Clubs Concept support
One of the methods to grade cities and urban areas for living standard is by the facilities they provide to the people. Recreational facilities come high on this priority. It is placed with equal emphasis to public transport system in good cities. Vancouver in Canada tops the list in this aspect now. The club services really peaked in the sixties in Sri Lanka. The local authorities then saw ‘clubs’ as vital aspect in urban development, government services used it for interaction. Almost every government service had its own string of sports clubs in the country even in remote areas; wild Boer visited the Tennis courts in GalOya. It was the golden era for participatory sport.
Need for fixed constitution
The unfortunate development in these clubs is the ‘contest’ for club offices. Club offices have become social symbols and the membership fought and is fighting for them.
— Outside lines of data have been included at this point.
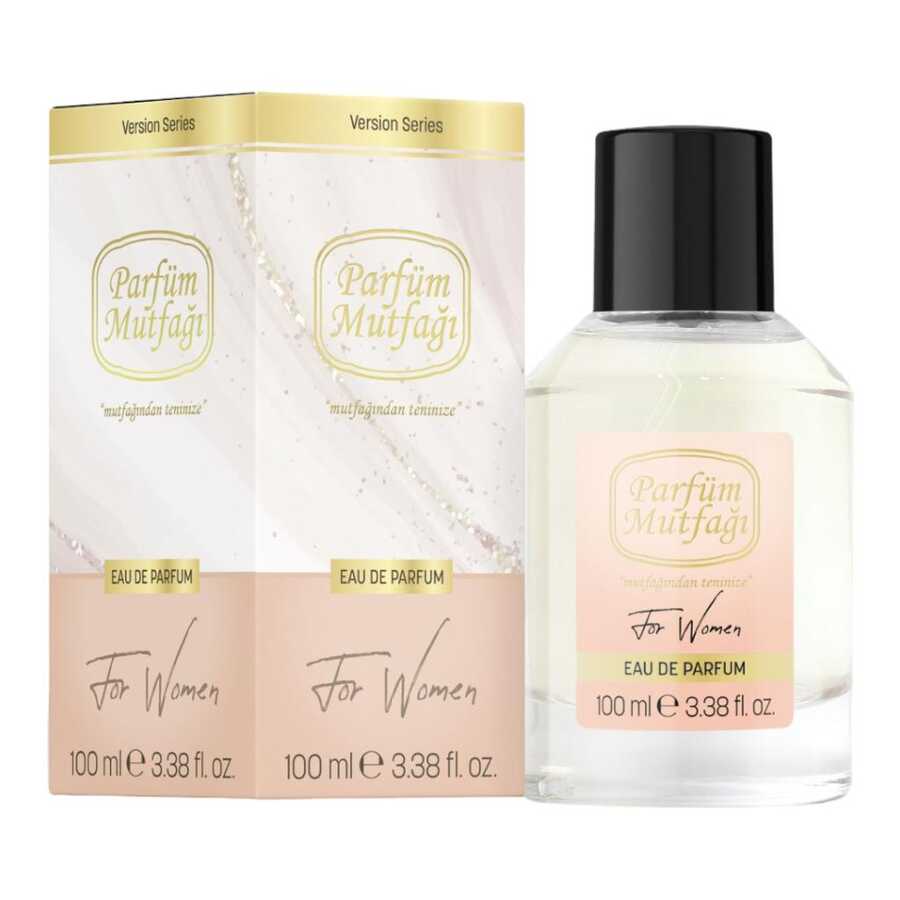 K-36 A. For Away Kadın Parfüm 100ml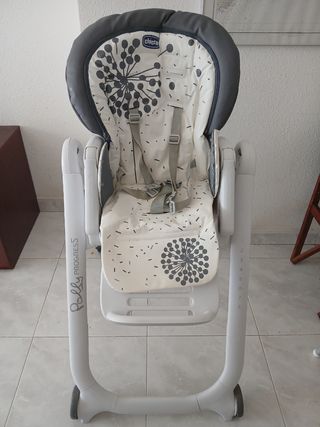 Trona Chicco Polly Progress 5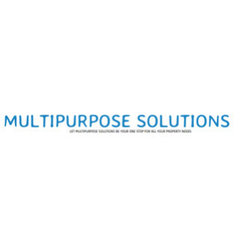 Multipurpose Solutions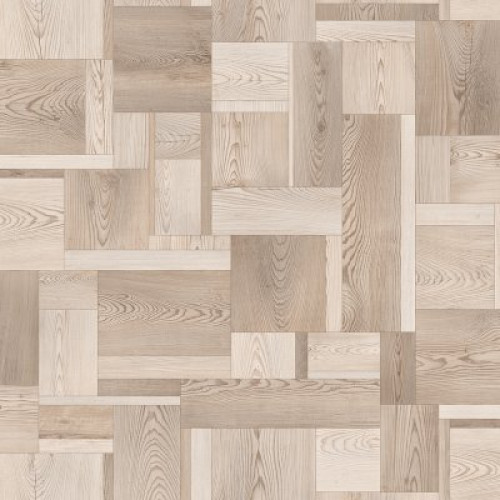 Линолеум Ideal Record Cube-2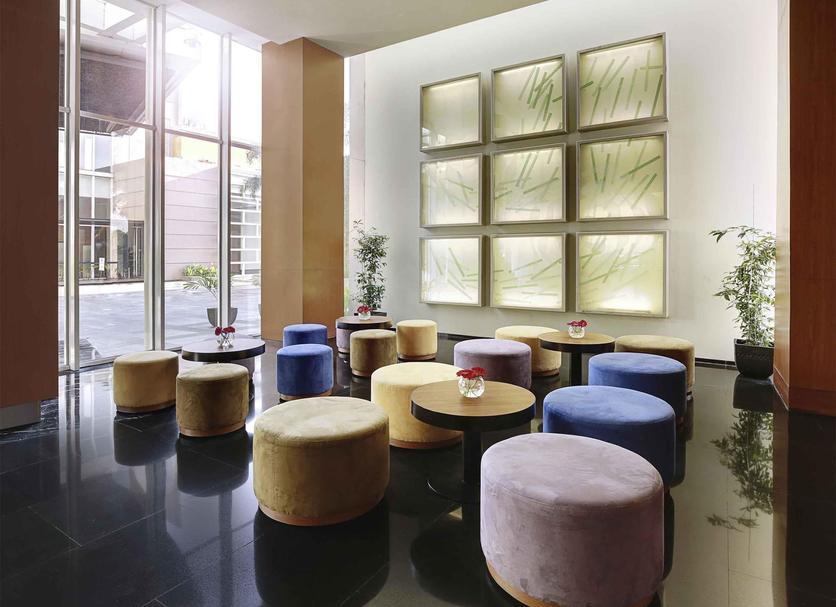 Lounge Ảnh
It divided the membership and threw the service priorities of the club right out of the windows. This resulted in membership strength dropping and in some cases to a single digit. After the loss of membership to sustain the finances, bars in club houses and Tennis schools in club courts came to being. Both of these drove away more members out of the clubs. What kind of a club that would be when it loses the two main attractions that made the clubs? Government land was vested with clubs for sports and not for bars and Schools. If the authorities wanted those, they need not go through sports clubs, they can do it directly and they are doing so now closing the clubs. A fixed format constitution is necessary to eliminate club politics. If this can be achieved clubs in Sri Lanka will come back.
Junior Development and clubs
Junior development has become almost mandatory and it also ‘killing’ the clubs. In most instances it does violate mem- bership rules. Looking back and looking at our national standard of Tennis which has dropped down to teenage Tennis, it can be said junior development cannot be a club responsibility. If not for anything else it cannot cope with the present mechanics of development. What was also observed was the parents of junior players with vested interest and only to the duration of their children’s junior years APPEARED AND DIASSAPPEARED making all changes in the club. These disturbed the club system and left big holes in the clubs. I find it very strange to state this from my position, but it is the truth. I have studied this for many years and I am convinced clubs cannot succeed in player development programme what more it has proved suicidal to the clubs. This is true even in Europe where I have conducted junior programs. If support is needed from clubs it should be only for 4 to 6 weeks long and prior to major events not more than two times a year. There no rule stopping juniors from joining a club as members anywhere in the world. Why do you want a separate entity which is often prioritised? We never had this before maybe that is why clubs were healthy then.
School participatory Tennis
For sports ‘Catch them young’ is the motto. Early involvement into sport gives natural coordination and comfort on the sports field. That is the base to ‘enjoy’ sports in life. A late starter can be easily spotted and often they drop off. The length of a school day inclusive of the tutorial attendance leaves no free time to children to play Tennis now. The few who play Tennis attend academies which weight their training to groups and provide meager match play possibility. Players come out of those as fixed stroke makers and not open game makers. Age group Tennis of schools is for participation and not elimination. Post school Tennis participation is not addressed in school Tennis at all. This implies to school players that Tennis and other sports stops once out of school till doctors say ‘please do some sport!’
The major problem for schools is the Tennis court. Only four can occupy a court at a time to play. Basket ball can take in excess of 10. Most schools do not have tennis courts for this reason. With space becoming an issue, Tennis is been squeezed out of schools often. The second aspect is the expense of Tennis. It has gone through the roof. What cost even more is the daily travel to and from the courts! It is often more than the cost of sport itself.
Revival plans please.
If participatory Tennis is to survive in this island a new formula has to appear. We had over 130 clubs with over 300 courts. It is down to 30 plus Tennis clubs and less than 100 courts. At present total number of club membership is around 2000 in the whole island. Right now I cannot detect a process to reverse this trend. That makes the present participatory club players ‘the last of the Mohicans’!